5.1.4. Analytical Solution for Linear Regression

For the general case of linear regression we have the cost function:

\[J(\v \theta) = \frac{1}{2m} \| \hv X \v \theta - \v y \|^2\]

and the gradient of the cost function:

\[\frac{\partial J(\v\theta)}{\partial \v\theta} = \frac{1}{m} \hv X\T (\hv X \v\theta - \v y)\]

We are looking for a minimum of the cost function. Remember from high school that a nescessary condition for a minimum of a univariate function is that the derivative is equal to zero. For multivariate function we must have that all partical derivatives are equal to zero. I.e. we have to set the gradient to zero and solve for \(\v\theta\).

\[\hv X\T (\hv X \v\theta - \v y) = 0\]

or equivalently:

\[\v\theta = (\hv X\T \hv X)\inv \hv X\T \v y\]

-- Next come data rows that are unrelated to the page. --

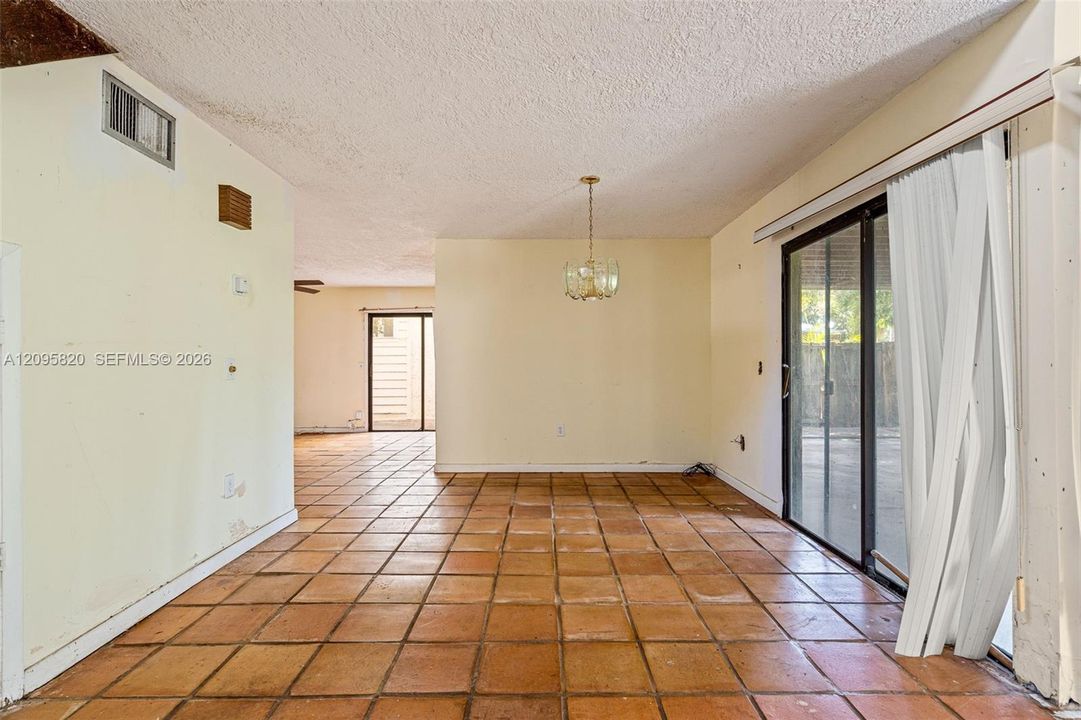 For Sale: $469,900 (3 beds, 2 baths, 2073 Square Feet)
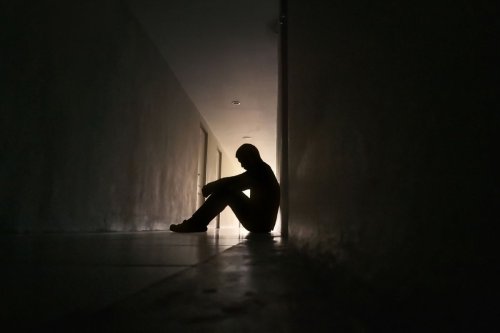 Cara pulih dari survivor guilt, Peran keluarga sangat penting, Kenapa rasa bersalah bisa muncul?, Survivor guilt bisa berkembang jadi PTSD, Psikolog Jelaskan Penyebab dan Cara Pulih dari Survivor Guilt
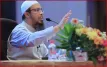 ঘরে কুরআন খোলা থাকলে স্বামী-স্ত্রীর সহবাস কি জায়েজ! ইসলামি দৃষ্টিভঙ্গি কী বলে
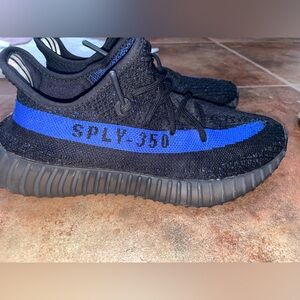 Yeezy Boost Blue/Black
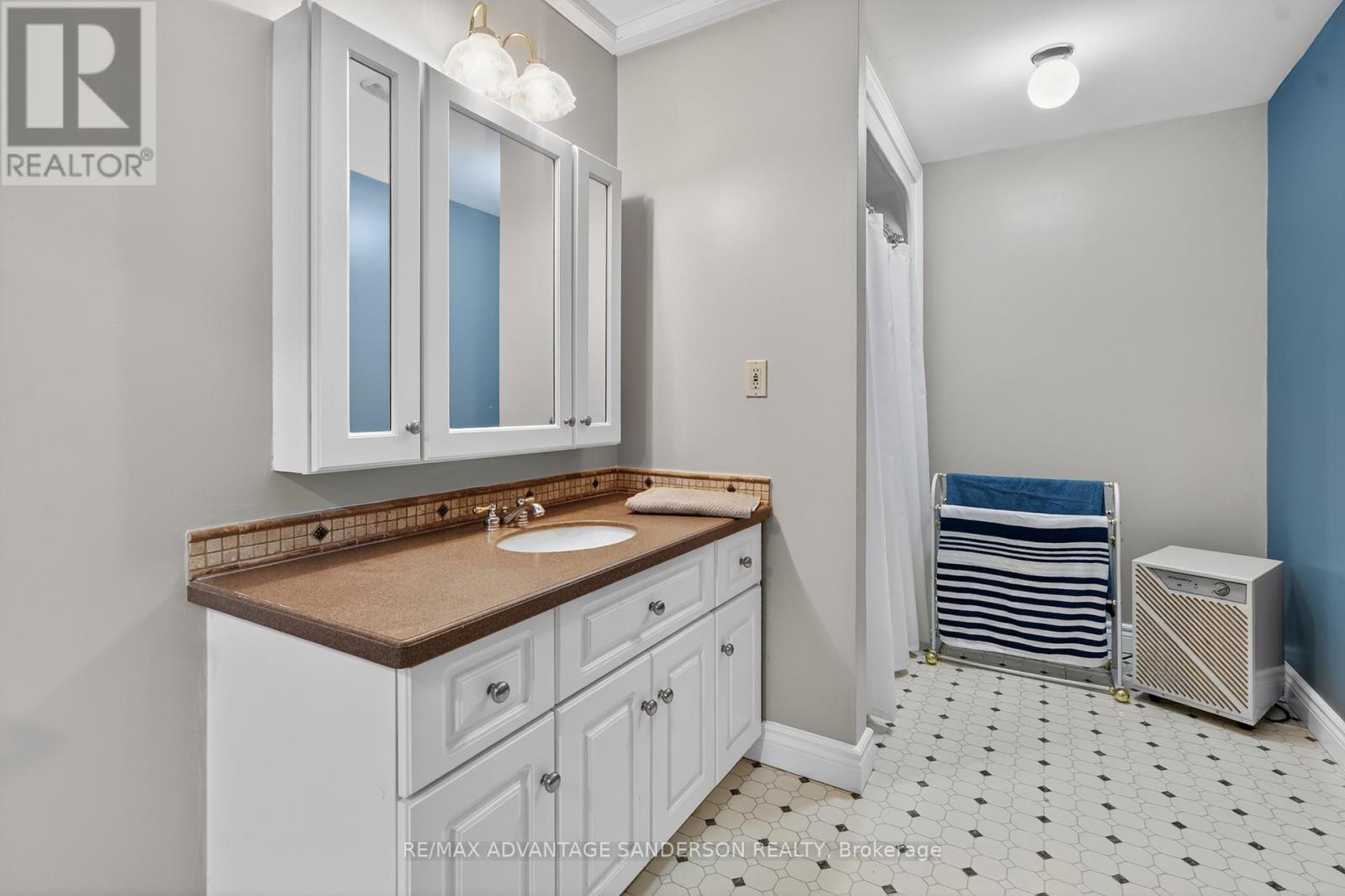 109 SALISBURY DRIVE, Middlesex Centre (Birr), Ontario, N0M1P0 — Photo 42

It can be shown that this parameter vector is indeed the point where the cost function attains its global minimum. The cost function is a convex function with a unique minimum. We will not give a formal proof here. Note that a convex function does not imply that the minimum can be calculated analytically. In another chapter we will discuss logistic regression as an example of an optimization problem that has a unique solution but still needs a numerical technique to find that minimum.

For examples of linear regression in these notes we will use the analytical solution. In practice with real life examples where the number of features tend to be large the analytical solution is not always the best choice. See the discussion in the Coursera Machine Learning Course of Andrew Ng.